▶ **SUPPLIED RECORDS**
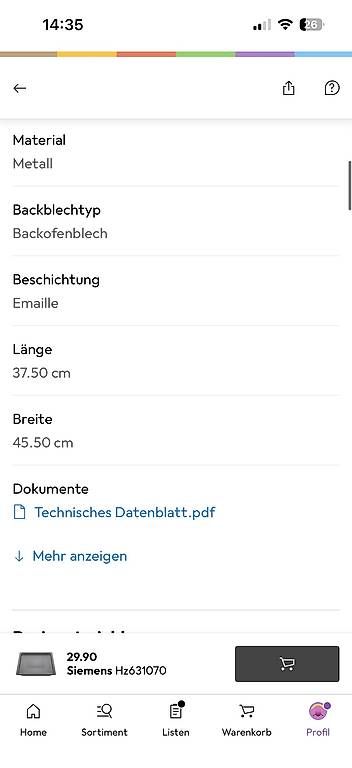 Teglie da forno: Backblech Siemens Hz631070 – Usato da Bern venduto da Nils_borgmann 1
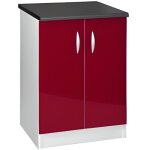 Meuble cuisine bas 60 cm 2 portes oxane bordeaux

--

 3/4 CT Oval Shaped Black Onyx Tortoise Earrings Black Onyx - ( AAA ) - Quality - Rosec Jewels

...

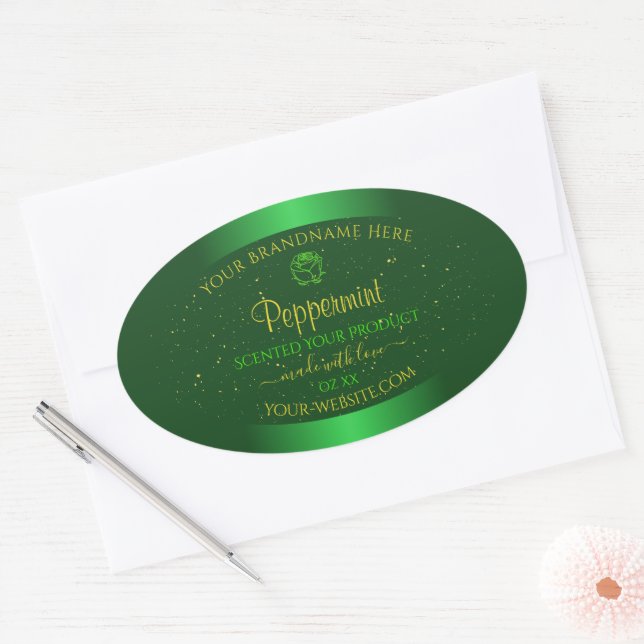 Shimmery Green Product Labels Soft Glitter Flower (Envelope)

▶ **WORK INSTRUCTION**
From the records above, transcribe only the stretch from the line with "Teglie da forno: Backblech" through the line with "Meuble cuisine bas", keeping both ends. Omit pictures.

▶ **TASK SOLUTION**
 Teglie da forno: Backblech Siemens Hz631070 – Usato da Bern venduto da Nils_borgmann 1
 Meuble cuisine bas 60 cm 2 portes oxane bordeaux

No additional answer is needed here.